Published online by Cambridge University Press: 05 August 2012
Much current writing on the Trinity refers to a renaissance of trinitarian theology. Certainly the last two decades have seen a surge in publications on the Trinity – incorporating historical, contemporary, and interdisciplinary perspectives. It is as if theologians want to compensate for a legacy of marginalisation, particularly of pneumatology, within theology. Not that theology was ever entirely unaware of its trinitarian foundations and structure. But this framework remained to a large extent implicit, rather than explicit. The generalised and somewhat caricatured description of this state of affairs is that the doctrine of the Trinity developed in an abstract and speculative direction. It was preoccupied with talk about the inner life of God (the immanent or eternal Trinity) to the neglect of God as revealed in the biblical narratives of salvation history (the economic Trinity).

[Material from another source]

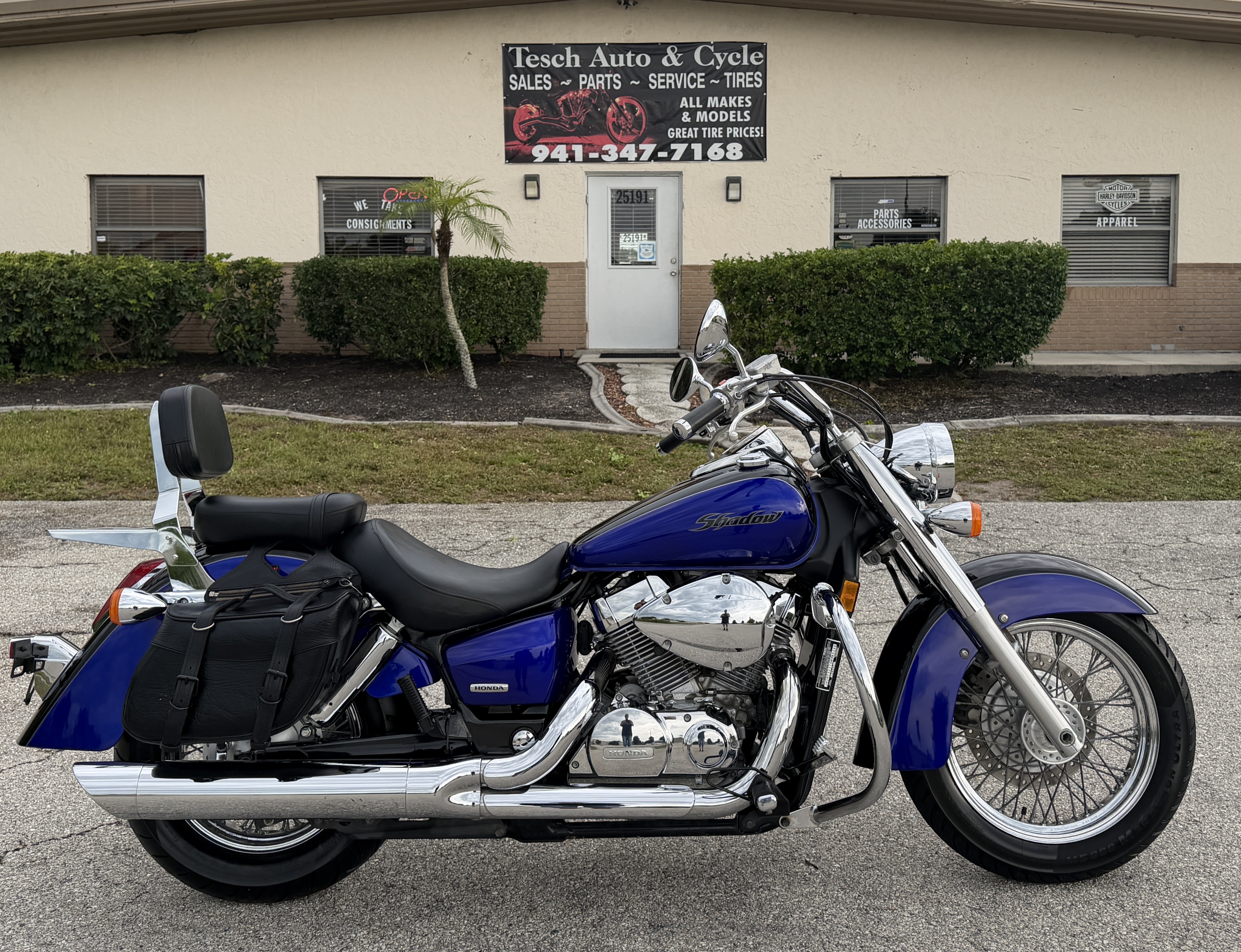 2005 Honda SHADOW AERO 750 AERO 750 in Punta Gorda, FL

While this might describe how the Trinity was taught in seminaries with the tracts De Deo Uno followed by De Deo Trino, and its trinitarian axioms, it does not do justice to the theological giants who transcend easy categorisation. Thus those who accuse Augustine of a basically introspective trinitarian theology – focussing on psychological analogies to explicate the trinitarian life – overlook that, in the first part of his De Trinitate, Augustine searches, admittedly rather imaginatively, for trinitarian analogies in Scripture. Even Thomas Aquinas, at whose door many of the problems with an abstract and intellectualist approach to theology have been put, evinces an impressive integration of theology and spirituality, even though this is not immediately apparent in his Summa Theologiae.